PEMERINTAH Provinsi Jawa Barat meminta seluruh kepala daerah untuk mengawasi dan meninjau kembali izin operasional Lembaga Aksi Cepat Tanggap (ACT) yang berada di wilayahnya. ACT didesak untuk menghentikan operasionalnya terlebih dahulu demi menjaga hal yang tak diinginkan.

"Bagi kepala daerah yang di wilayahnya terdapat kantor ACT untuk mengecek segala legalitas, cek izin lokasi maupun operasionalnya, sesegera mungkin sebelum berdampak lebih besar lagi," terang Plh Gubernur Jabar Uu Ruzhanul Ulum, Rabu (6/7/2022).

Baca juga: Menteri Hadi Tjahjanto Bantah Ada Pungli di BPN Bekasi

"Saya juga meminta kantor yang ada di wilayah Jawa Barat untuk segera menghentikan kegiatan operasionalnya, demi keselamatan dan ketenteraman masyarakat," imbuhnya.

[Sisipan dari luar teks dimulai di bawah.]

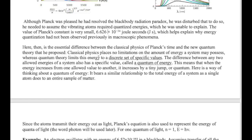The take-home message here is that you have to restrict the energy of vibrating electrons in atoms to discrete specific values. The term used to describe this packet or discrete value of energy is called the quantum of energy — quantum just means a packet.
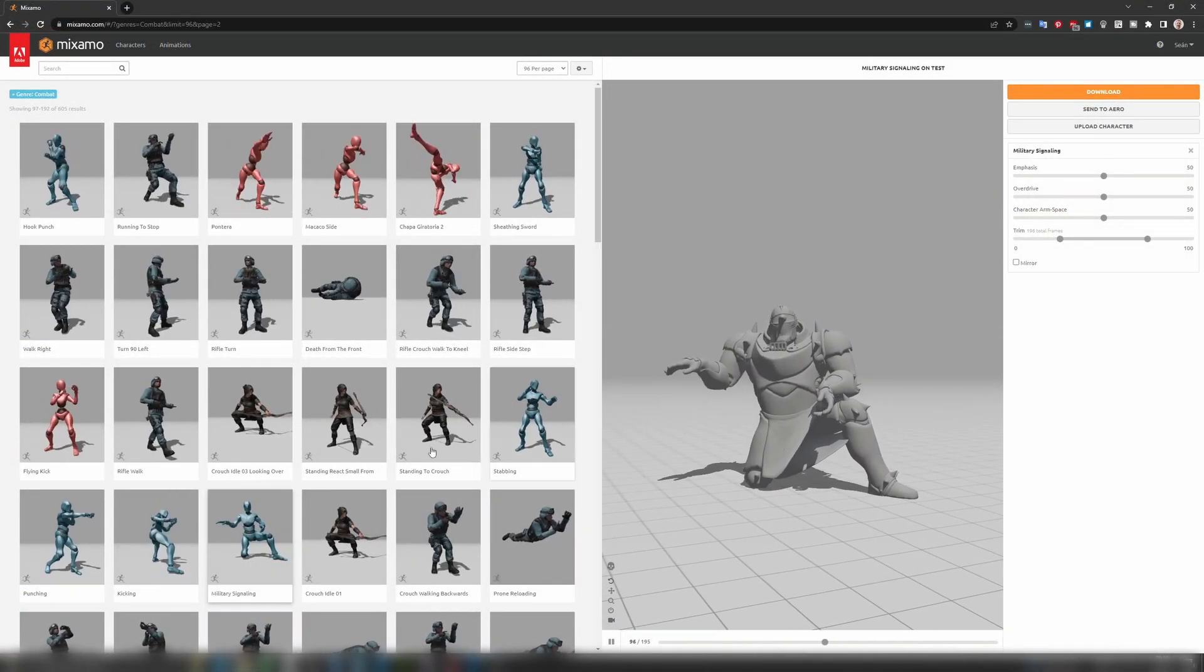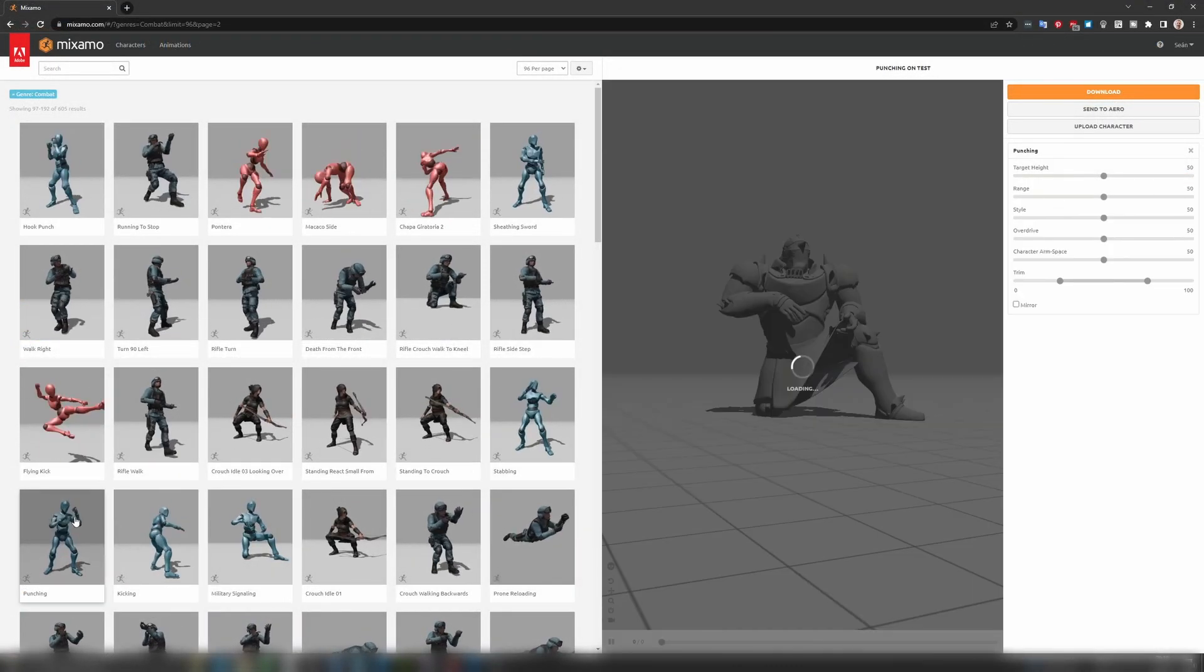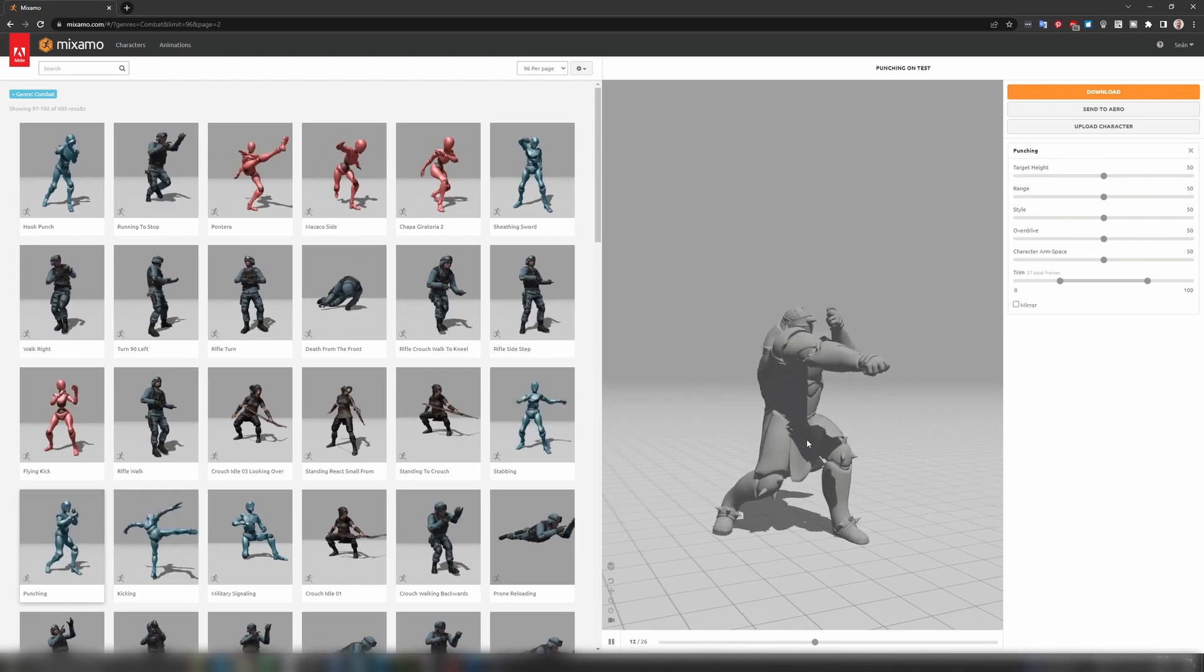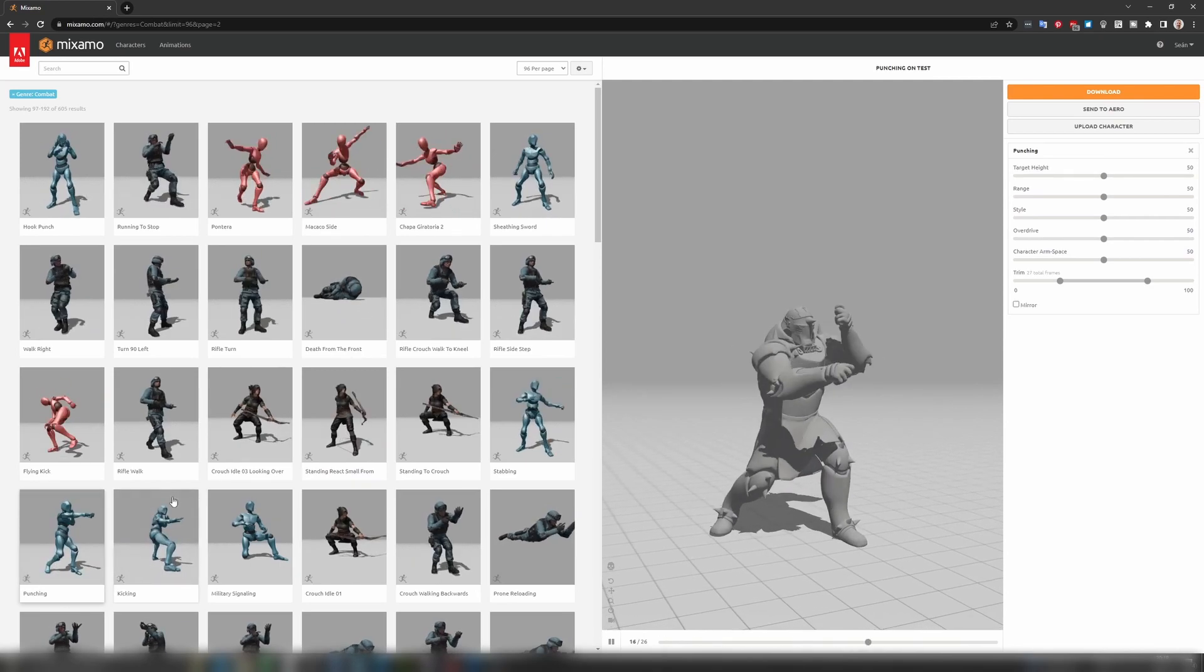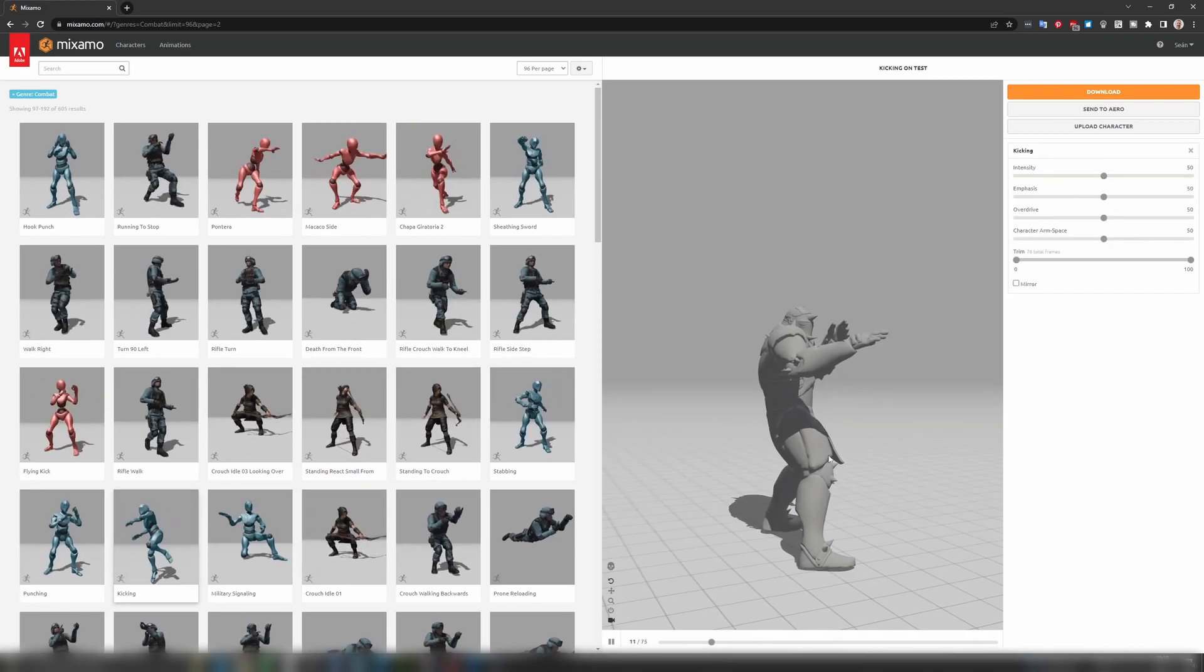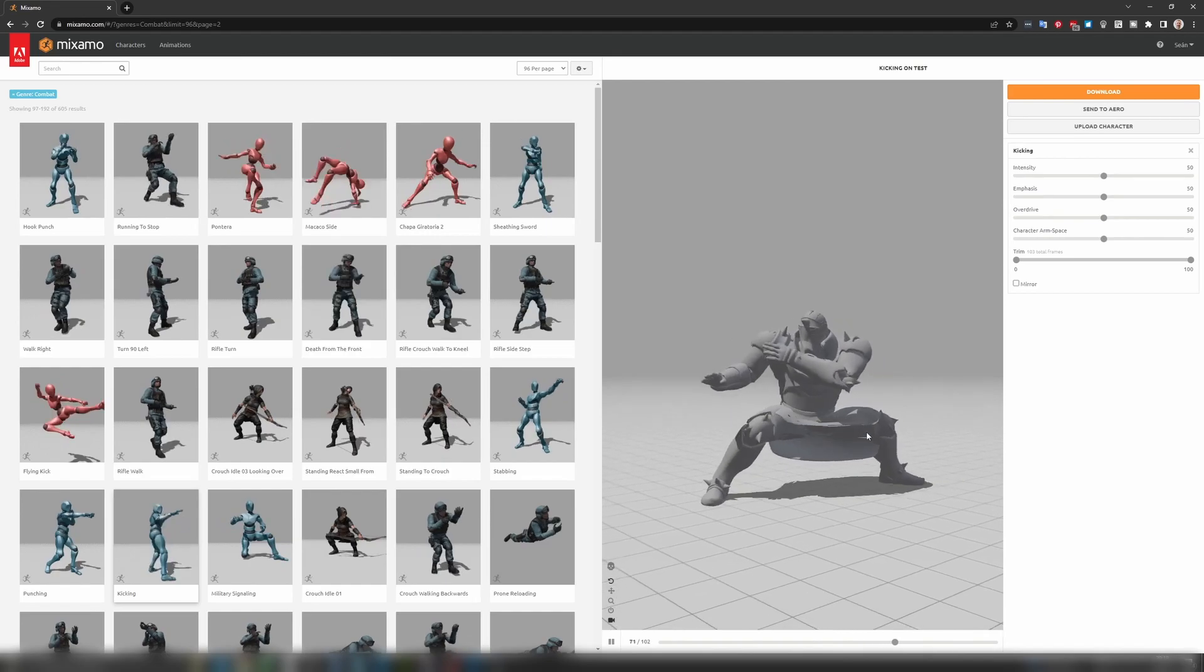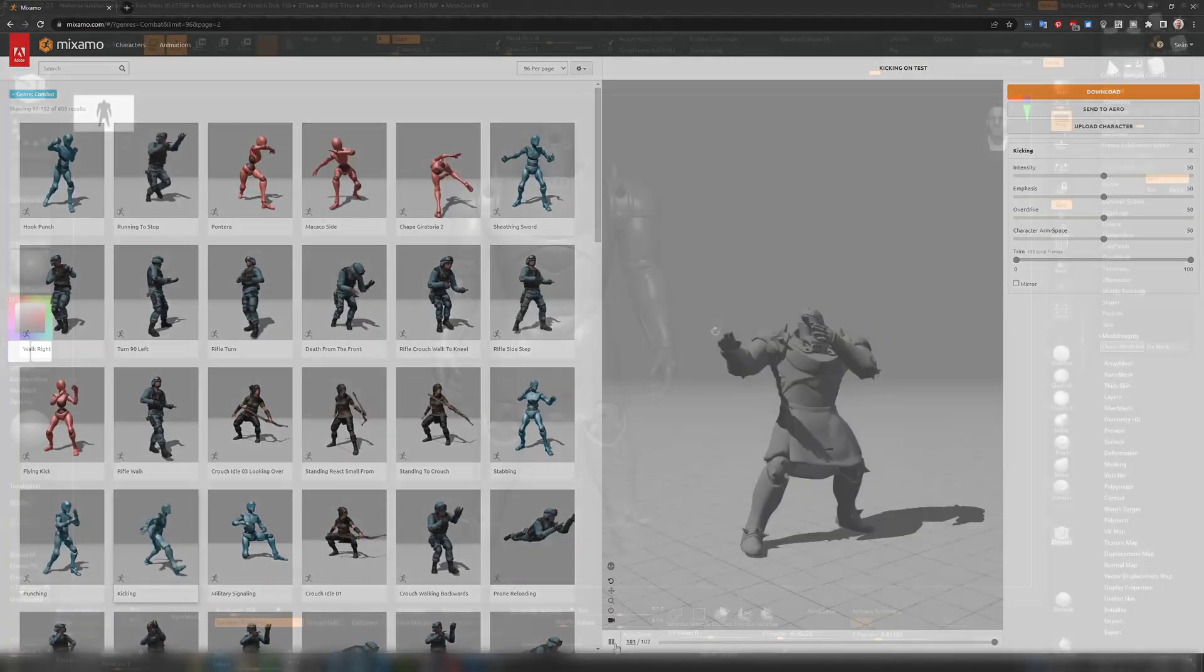So here we can take a range of animations, load them onto our character, see what they would look like, and actually take any given frame of any one of these animations and load that onto our character.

Masyarakat juga diminta untuk tidak menyumbangkan ke lembaga ACT sementara waktu. Sebab, kata Uu, saat ini masih adanya penyelidikan terhadap ACT oleh aparat penegak hukum.

"Hal ini saya sampaikan demi kebaikan bersama dan kemaslahatan seluruh masyarakat Jawa Barat, terlepas dari suka atau tidak terhadap lembaga tersebut," pungkas mantan Bupati Tasikmalaya itu.

Perkembangan terbaru, Pusat Pelaporan dan Analisis Transaksi Keuangan (PPATK) telah memblokir 60 rekening keuangan milik ACT yang berada di 33 bank. Pemblokiran bertujuan agar tidak ada lagi dana donasi yang masuk atau keluar dari rekening ACT tersebut.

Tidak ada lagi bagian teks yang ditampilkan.